Perchè lo spirto tutto storse i piedi:
Poi sospirando e con voce di pianto,
Mi disse: dunque, che a me richiedi?
Se di saper ch’io sia ti cal cotanto,
Che tu abbi però la ripa scorsa,
Sappi ch’io fui vestito del gran manto.
E veramente fui figliuol dell’Orsa,
Cupido sì per avanzar gli Orsatti,
Che su l’avere e qui me misi in borsa.
Di sotto al capo mio son gli altri tratti,
Che precedetter me simoneggiando,
per la fessura della pietra piatti.
Laggiù cascherò io altresì, quando
Verrà colui ch’io credea che tu fossi
Allor ch’io feci il subito dimando.
Ma più è il tempo già, che i piè mi cossi
E ch’io sono stato così sottosopra,
Ch’ei non starà pianta coi piè rossi4.
Che dopo di lui verrà di più laid’opra
Di ver’ ponente un pastor senza legge,
Tal che convien che lui e me ricopra.
Nuovo Iason sarà, di cui si legge
Nè Maccabei; e come a quel fu molle
Suo re, così fia a lui chi Francia regge.

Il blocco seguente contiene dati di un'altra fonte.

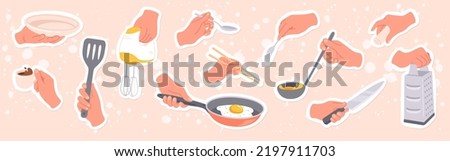 Cook hands holding kitchen utensils cooking set. Person hands preparing food with spoon, knife, pan, fork, cutlery tool collection. Kitchenware equipment, preparation gestures flat vector illustration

- ↑ Allusione ad uno de’ barbari supplizi di quella dura età.
- ↑ Niccolò crede, che Dante sia Bonifazio VIII che venga a succedergli nella buca, secondo la legge di quel supplizio accennata ne’ versi 73-78.
- ↑ La Chiesa, come in altre allegorie del poema.
- ↑ Perchè il papato di Bonifazio che fece aspettar Niccolò, fu più lungo di quello di Clemente V che fece aspettar Bonifazio.